Tageblatt: https://www.tageblatt.lu/meinung/forum/savoir-admettre-ses-erreurs-est-signe-de-grandeur/?fbclid=IwAR2gWVc-NuAWCpDzgwZjN37PNu-rEA2rMib-xZLP7BJ8eG-yWWnyZlItY0o


[1] « Diese und andere « Unklarheiten » sind laut Bürgermeister Mischo der Grund für die Pressekonferenz », Tagbelatt du 1er juillet 2020, page 19.

[2] « Wir wollen die WG’s nicht verbieten, sondern sie reglementieren », Luxemburger Wort du 16 juin 2020 page 24.

[3] « Lokale und regionale Initiativen für andere Wohnformen (…) werden gefördert », Koalitionsabkommen der Fraktionen CSV, Déi Gréng und DP für die Stadt Esch-sur-Alzette für die Mandatsperiode 2018 bis 2023, page 11.

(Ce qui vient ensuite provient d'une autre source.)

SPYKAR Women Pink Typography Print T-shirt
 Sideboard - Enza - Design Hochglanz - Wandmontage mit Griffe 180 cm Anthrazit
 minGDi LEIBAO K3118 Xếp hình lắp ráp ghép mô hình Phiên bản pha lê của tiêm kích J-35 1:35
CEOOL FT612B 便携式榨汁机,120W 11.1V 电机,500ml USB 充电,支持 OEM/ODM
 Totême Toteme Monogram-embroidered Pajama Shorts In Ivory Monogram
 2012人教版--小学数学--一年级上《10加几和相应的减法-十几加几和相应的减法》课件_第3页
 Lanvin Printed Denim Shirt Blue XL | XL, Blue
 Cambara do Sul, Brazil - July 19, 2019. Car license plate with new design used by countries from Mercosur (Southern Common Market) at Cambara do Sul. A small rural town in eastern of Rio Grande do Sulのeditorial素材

[4] Article 5 de la loi modifiée du 19 juillet 2004 concernant l’aménagement communal et le développement urbain.

[5] Luxemburger Wort du 16 juin 2020, page 24 ; Tageblatt du 1er juillet 2020, page 19.

[6] Communiqué de presse de la Ville d’Esch-sur-Alzette du vendredi 12 juin 2020.

[7] « Das Gesetz des Parlaments geht uns in der Hinsicht nicht weit genug », Tageblatt du 1er juillet 2020, page 19.

[8] Réponse commune de Madame la Ministre de Tlntérieur, Taina Bofferding, et de Monsieur le Ministre du Logement, Henri Kox, à la question parlementaire n°2410 des honorables Députés Mars Di Bartolomeo et Yves Cruchten au sujet de la cohabitation.

[9] Luxemburger Wort du 1er juillet 2020, page 27.

[10] Citation Mischo dans le D’Lëtzebuerger Land en date du 19 juin 2020.

[11] Luxemburger Wort en date du 3 novembre 2017.